Historically, the EAPC reflects NATO’s eastward pivot after the Soviet Union’s 1991 collapse across 22 million square kilometers. The NACC, launched by NATO’s 12 founders—Belgium’s 30,528 square kilometers to Iceland’s 103,000 square kilometers—initially bridged 16 states, welcoming Warsaw Pact nations like Poland (312,696 square kilometers). The EAPC’s 1997 expansion, post-Yugoslav wars ravaging Bosnia’s 51,129 square kilometers, added partners like Russia (17.1 million square kilometers) and neutrals like Switzerland (41,285 square kilometers), aiming for a 50-nation “security community” amid 1989’s 1,500-kilometer Iron Curtain fall.
Politically, the EAPC fosters consultation, not binding alliance. Chaired by NATO’s Secretary General, its biannual meetings—like 2023’s Brussels session—tackle crises, from Ukraine’s 2022 war (1,500 kilometers from Poland) to Georgia’s 69,700-square-kilometer tensions with Russia. Members range from NATO stalwarts—Turkey’s 783,562 square kilometers guard the 2,800-kilometer Black Sea—to observers like Moldova (33,851 square kilometers), balancing EU and Russian orbits. Russia’s participation, strained since 2014’s Crimea annexation, spans a 20,000-kilometer border with EAPC states, highlighting friction.
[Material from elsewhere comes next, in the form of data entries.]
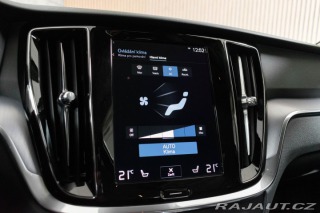 Volvo V60 Cross Country B4 AWD *ZÁR 2022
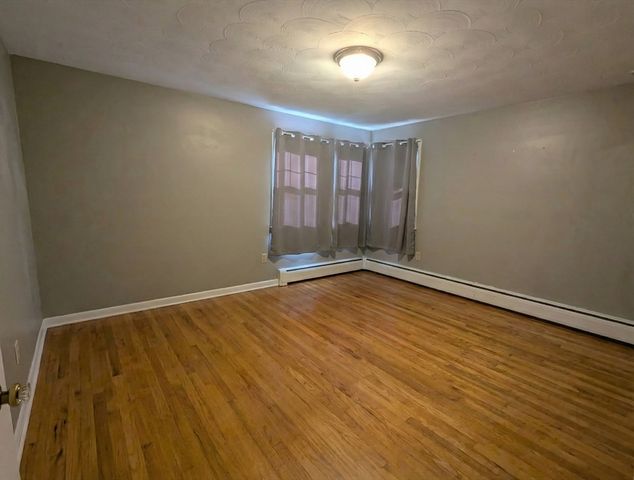 12 James St, Winchester, MA 01890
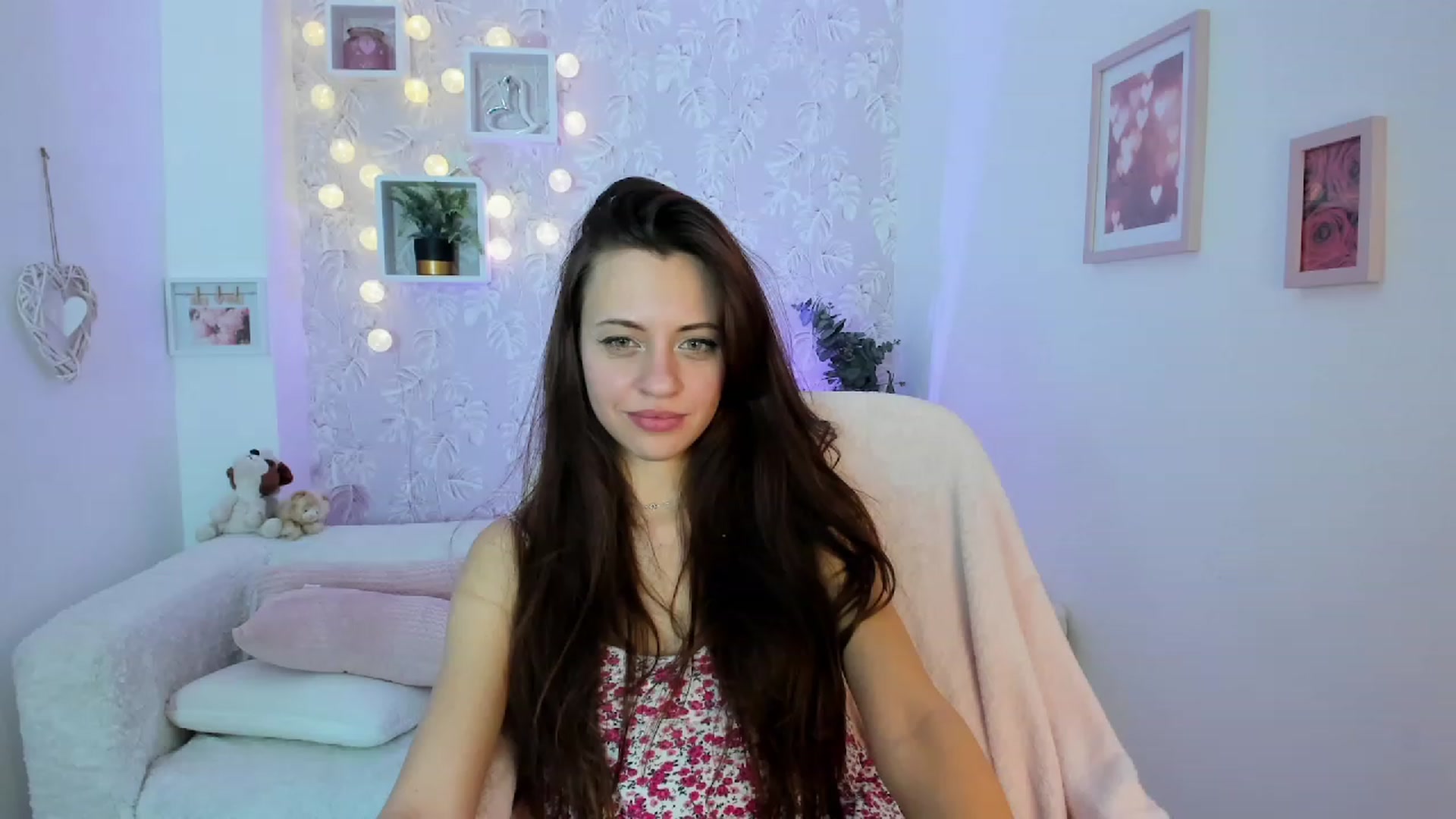 Gallery image thumbnail from Kathy_White's myfreecams stream on, 01/22/2023, 18:39 image 16 of 20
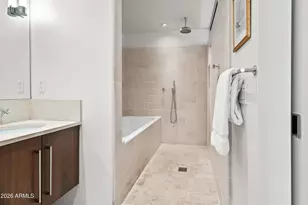 4739 N Scottsdale Rd, Scottsdale, AZ 85251 - Photo 14
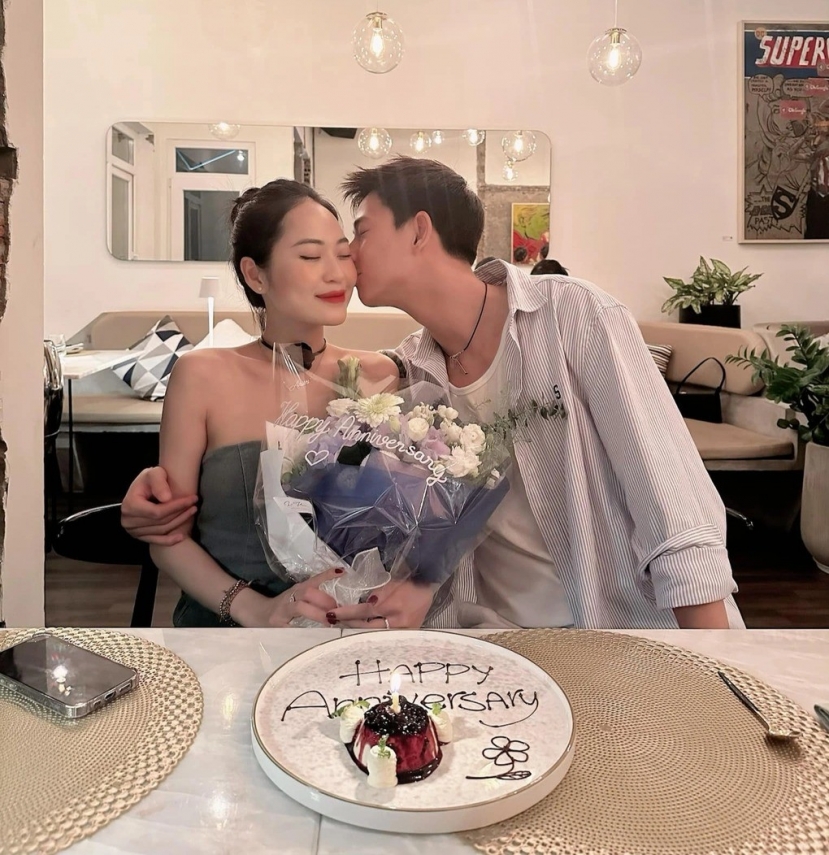 Cả hai thường xuyên chia sẻ những khoảnh khắc tình tứ cùng nhau Cả hai thường xuyên chia sẻ những khoảnh khắc tình tứ cùng nhau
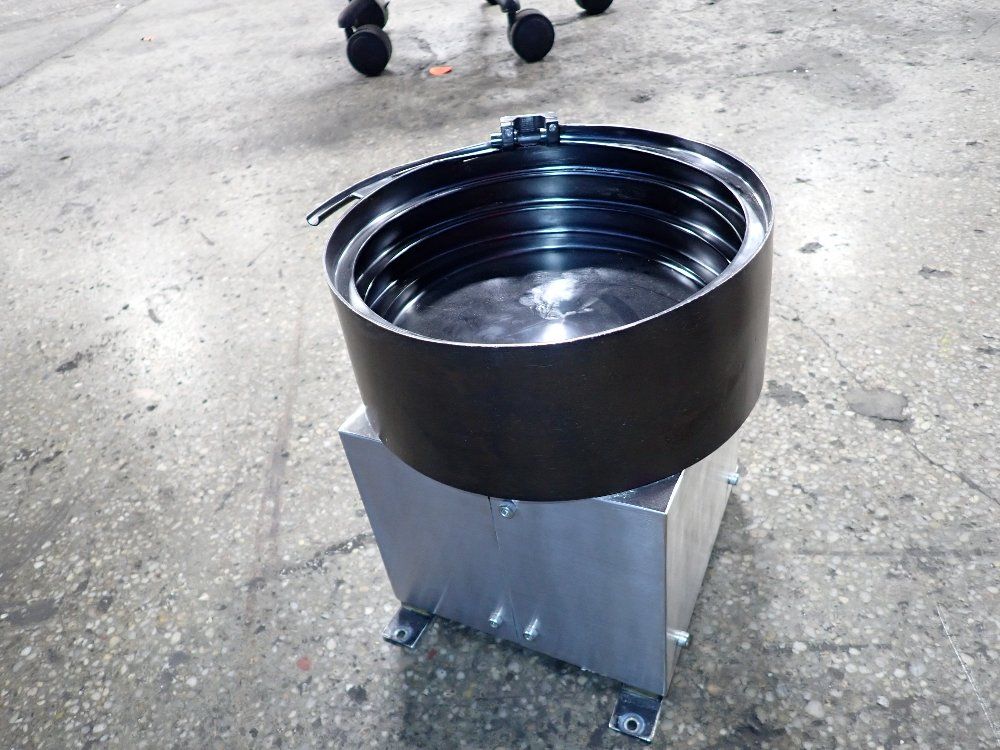  Bowl Feeder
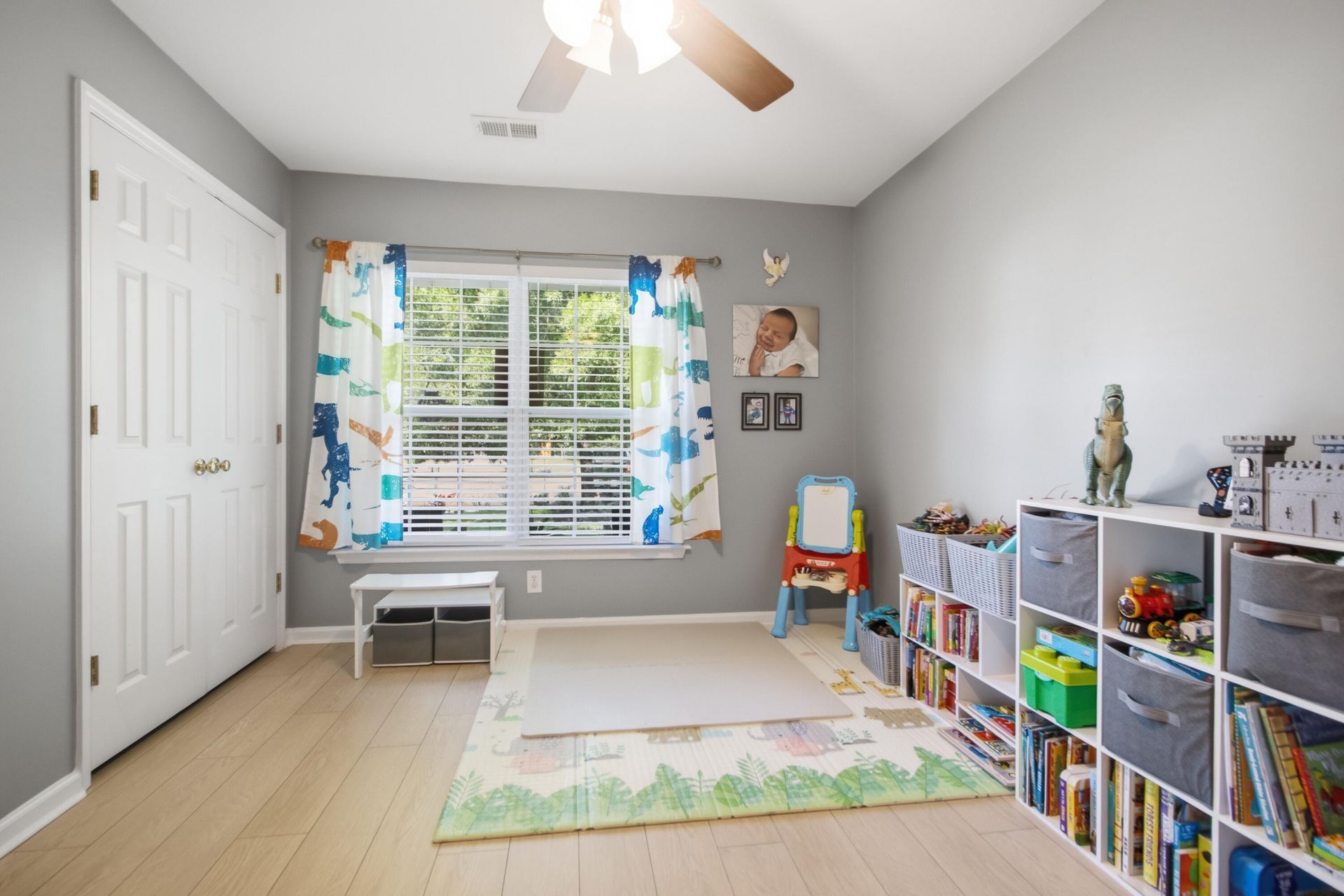 1205 Catbird Court Photo 34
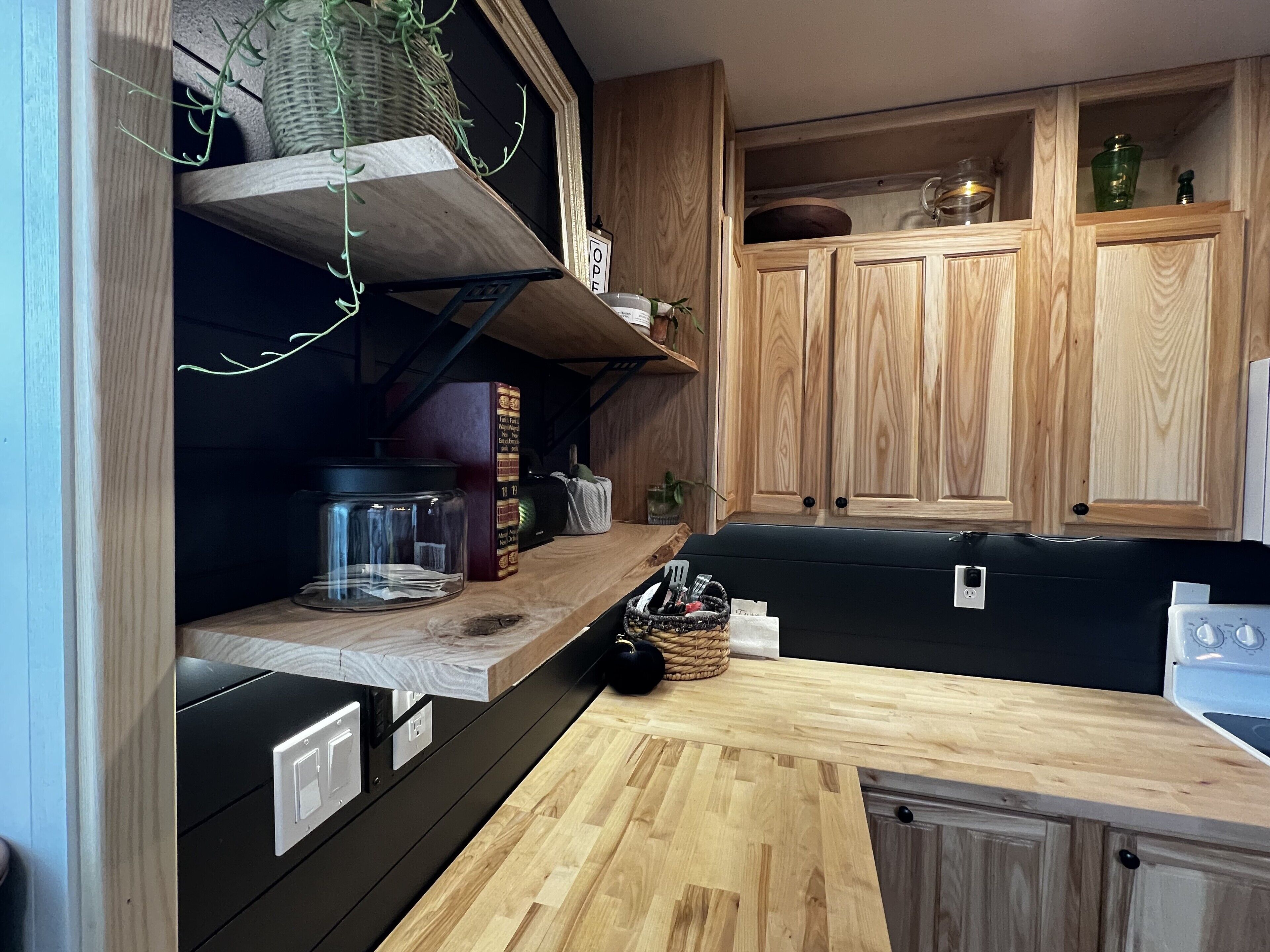 Chestnut Charmer 3-Bedroom Experience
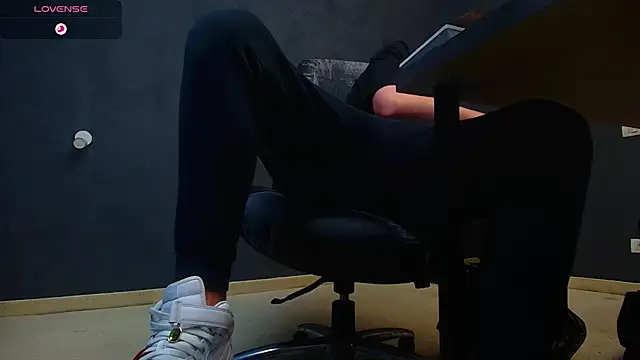 EnzoRace online show from October 7, 2025, 4:46 am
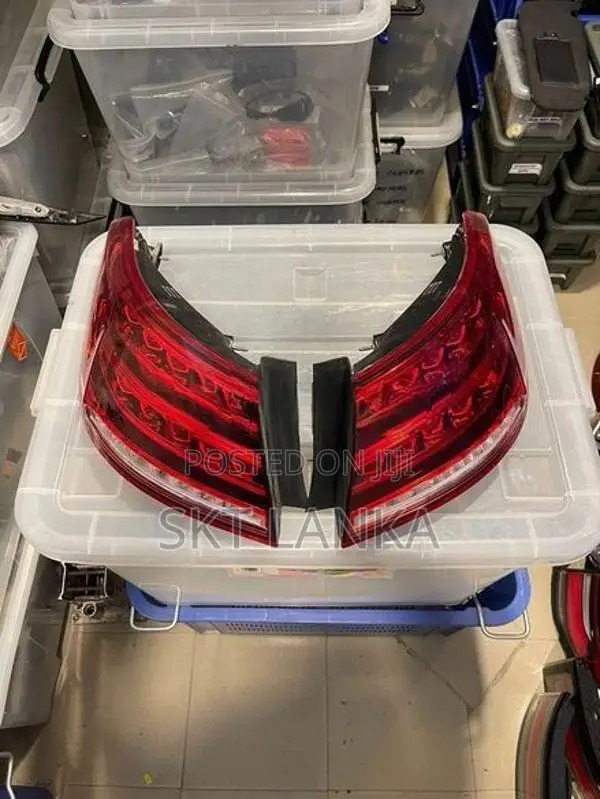 Genuine E Class E200 2015 facelift cabriolet coupe rear bumper lights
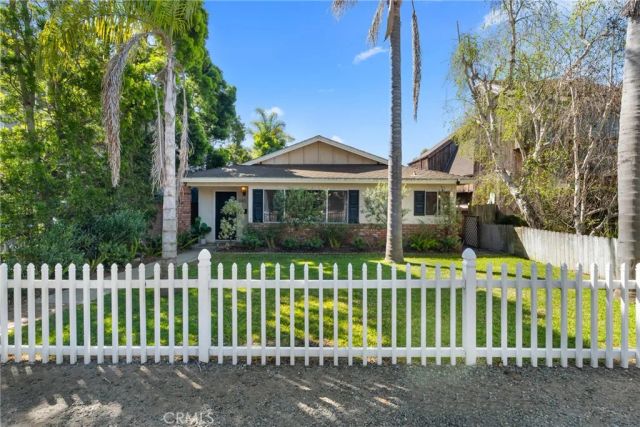 586 36th, Manhattan Beach, CA 90266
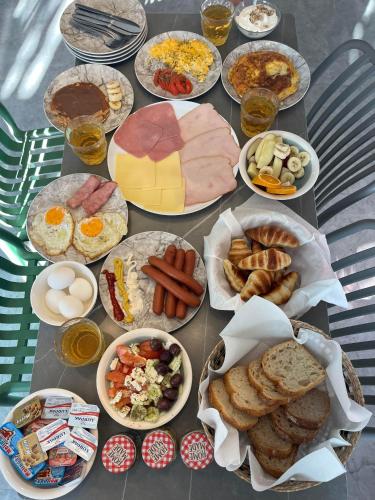 ein Tisch mit vielen verschiedenen Arten von Lebensmitteln in der Unterkunft House Kohili in Nea Vrasna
Economically, the EAPC aligns giants and minnows. The U.S. ($26 trillion GDP) and Germany (€4 trillion), per IMF 2023, dwarf Kyrgyzstan ($12 billion) and Montenegro (13,812 square kilometers, $6 billion), yet trade links—Canada’s 3,855-kilometer border with the U.S. move $800 billion yearly—bind them. Security cooperation, like Finland’s 338,145-square-kilometer NATO entry in 2023, leverages EAPC ties, boosting joint defense across 5,000 kilometers of Baltic shores.
Culturally, the EAPC bridges 24 languages and histories. Albania’s 28,748-square-kilometer Illyrian roots meet Sweden’s 407,000-square-kilometer Viking legacy, while Kazakhstan’s 2.72-million-square-kilometer steppe nomads join Ireland’s 70,273-square-kilometer Celtic traditions. Peacekeeping unites them—EAPC missions in Bosnia deployed 60,000 troops across 1995-2004, stabilizing a 1,500-kilometer Balkan fault line.
Ecologically, the EAPC spans the Arctic to arid zones. Norway’s 323,802-square-kilometer fjords and Uzbekistan’s 448,978-square-kilometer deserts face a 1.1°C warming since 1880, with melting 14-million-square-kilometer Arctic ice opening 15,000-kilometer routes—Russia and Canada collaborate here via EAPC talks. Security adapts—flooded Danube (1,849 kilometers) basins in Hungary test joint response.